━━━━━ Exercise data ━━━━━

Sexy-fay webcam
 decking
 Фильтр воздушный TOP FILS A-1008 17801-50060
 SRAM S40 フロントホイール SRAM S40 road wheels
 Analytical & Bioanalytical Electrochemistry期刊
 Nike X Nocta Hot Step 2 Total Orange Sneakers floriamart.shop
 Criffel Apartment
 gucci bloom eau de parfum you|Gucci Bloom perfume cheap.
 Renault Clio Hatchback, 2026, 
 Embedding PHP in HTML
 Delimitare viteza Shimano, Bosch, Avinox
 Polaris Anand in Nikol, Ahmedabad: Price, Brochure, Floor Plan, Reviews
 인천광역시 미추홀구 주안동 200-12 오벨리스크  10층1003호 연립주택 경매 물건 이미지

━━━━━

* _Aim of the task_: What goes in the answer is the run of lines from the one holding "SRAM S40 フロントホイール SRAM S40 road wheels" to the end of the entries, reproduced exactly and with nothing else.

* _Solution_:
 SRAM S40 フロントホイール SRAM S40 road wheels
 Analytical & Bioanalytical Electrochemistry期刊
 Nike X Nocta Hot Step 2 Total Orange Sneakers floriamart.shop
 Criffel Apartment
 gucci bloom eau de parfum you|Gucci Bloom perfume cheap.
 Renault Clio Hatchback, 2026, 
 Embedding PHP in HTML
 Delimitare viteza Shimano, Bosch, Avinox
 Polaris Anand in Nikol, Ahmedabad: Price, Brochure, Floor Plan, Reviews
 인천광역시 미추홀구 주안동 200-12 오벨리스크  10층1003호 연립주택 경매 물건 이미지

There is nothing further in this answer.